Unnamed: 0,feature,beta,SE,t,p,CI_low_95,CI_high_95,CI_low_99,CI_high_99
1,median_income,37953.411761,303.842629,124.911412,0.0,37357.855859,38548.967663,37170.691868,38736.131654
4,ocean_proximity_INLAND,-72347.790082,1287.754265,-56.181363,0.0,-74871.891637,-69823.688528,-75665.135258,-69030.444907
0,Intercept,49698.759907,2201.350778,22.576484,1.705216e-111,45383.935973,54013.583842,44027.926126,55369.593688
2,housing_median_age,936.384135,43.745649,21.405195,1.519766e-100,850.639158,1022.129113,823.69228,1049.075991
7,ocean_proximity_NEAR OCEAN,17241.066446,1625.728649,10.605132,3.300142e-26,14054.508013,20427.624878,13053.075585,21429.057306
6,ocean_proximity_NEAR BAY,13141.510143,1759.806195,7.467589,8.495496e-14,9692.148975,16590.871311,8608.126132,17674.894154
5,ocean_proximity_ISLAND,184057.707245,32787.5015,5.613655,2.006703e-08,119791.57682,248323.837671,99594.807043,268520.607447
3,avg_rooms,498.666089,225.920922,2.207259,0.02730702,55.842977,941.489202,-83.32203,1080.654208


# Pearson correlation 

The Pearson correlation matrix shows no strong linear dependencies between the continuous features. The negative correlations between dummy variables are expected due to one-hot encoding.

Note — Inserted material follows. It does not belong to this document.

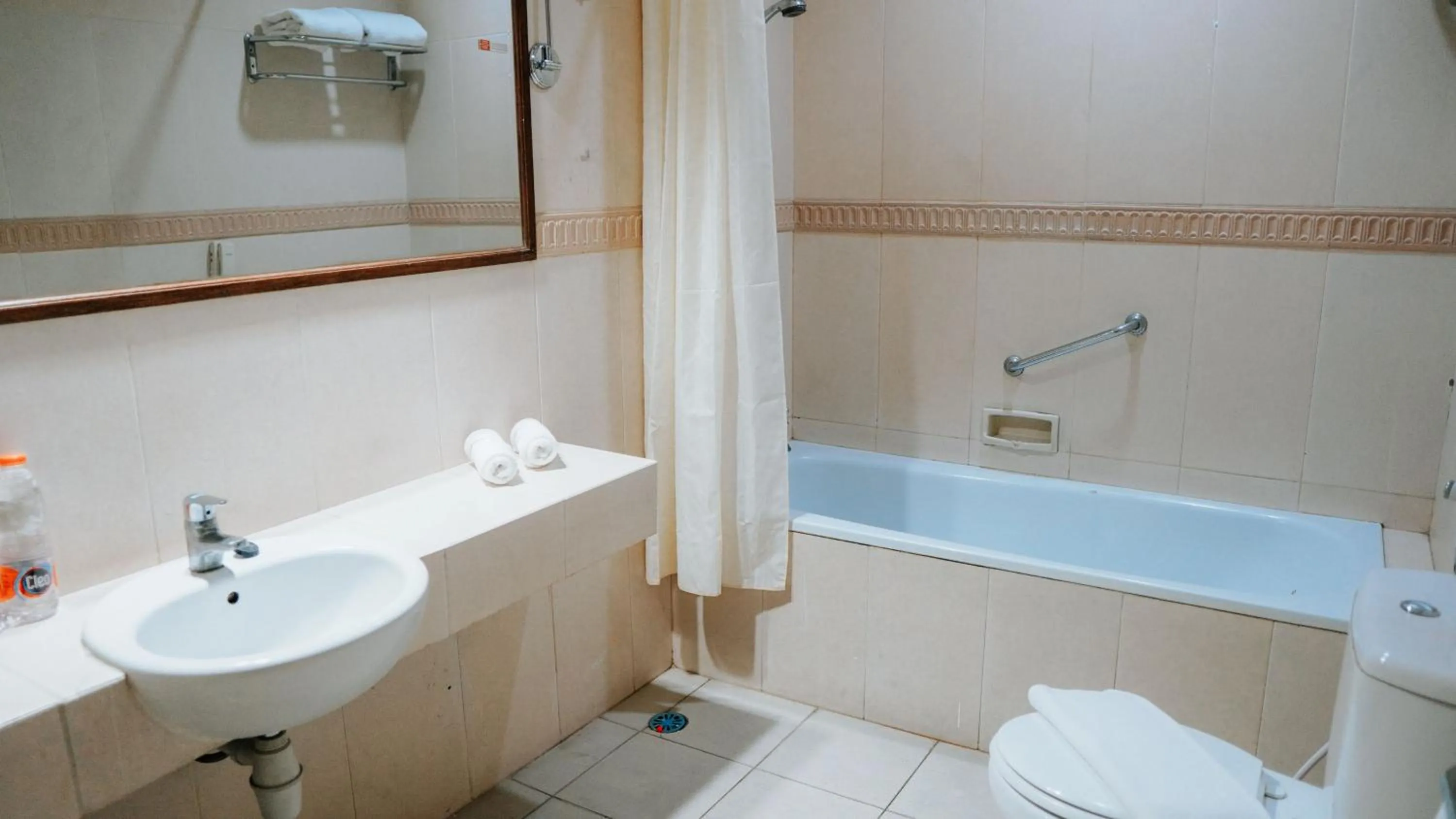 Tuwuh Hotel at Kayutangan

Overall, multicollinearity does not appear to be a major issue in this model. 

In [6]:
R = lr.pearson_matrix()

corr_df = pd.DataFrame(R, index=X.columns, columns=X.columns)
corr_df

Unnamed: 0,median_income,housing_median_age,avg_rooms,ocean_proximity_INLAND,ocean_proximity_ISLAND,ocean_proximity_NEAR BAY,ocean_proximity_NEAR OCEAN
median_income,1.0,-0.118278,0.325307,-0.237536,-0.009281,0.056677,0.027351
housing_median_age,-0.118278,1.0,-0.153031,-0.236968,0.017105,0.256149,0.020797
avg_rooms,0.325307,-0.153031,1.0,0.151231,0.001419,-0.029676,-0.034532
ocean_proximity_INLAND,-0.237536,-0.236968,0.151231,1.0,-0.010681,-0.241356,-0.262289
ocean_proximity_ISLAND,-0.009281,0.017105,0.001419,-0.010681,1.0,-0.005531,-0.006011
ocean_proximity_NEAR BAY,0.056677,0.256149,-0.029676,-0.241356,-0.005531,1.0,-0.135819
ocean_proximity_NEAR OCEAN,0.027351,0.020797,-0.034532,-0.262289,-0.006011,-0.135819,1.0


# Conclusion
The regression model is statistically significant and achivese an R² around 0.6, meaning it explainse a meaningful part of the variation in house values. 
median_income is by far the strongest predictor, while avg_rooms contributes less but is still statistically significant. 
The model is not perfect, but it provides an interpretable baseline model with reasonable explanatory power.